_Data provided:_
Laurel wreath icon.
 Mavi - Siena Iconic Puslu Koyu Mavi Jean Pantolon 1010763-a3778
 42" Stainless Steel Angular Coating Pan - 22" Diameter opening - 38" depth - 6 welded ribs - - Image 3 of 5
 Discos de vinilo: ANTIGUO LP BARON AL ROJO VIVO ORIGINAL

_Task directions:_ Output each line of the data exactly as it stands above.

_Worked solution:_
Laurel wreath icon.
 Mavi - Siena Iconic Puslu Koyu Mavi Jean Pantolon 1010763-a3778
 42" Stainless Steel Angular Coating Pan - 22" Diameter opening - 38" depth - 6 welded ribs - - Image 3 of 5
 Discos de vinilo: ANTIGUO LP BARON AL ROJO VIVO ORIGINAL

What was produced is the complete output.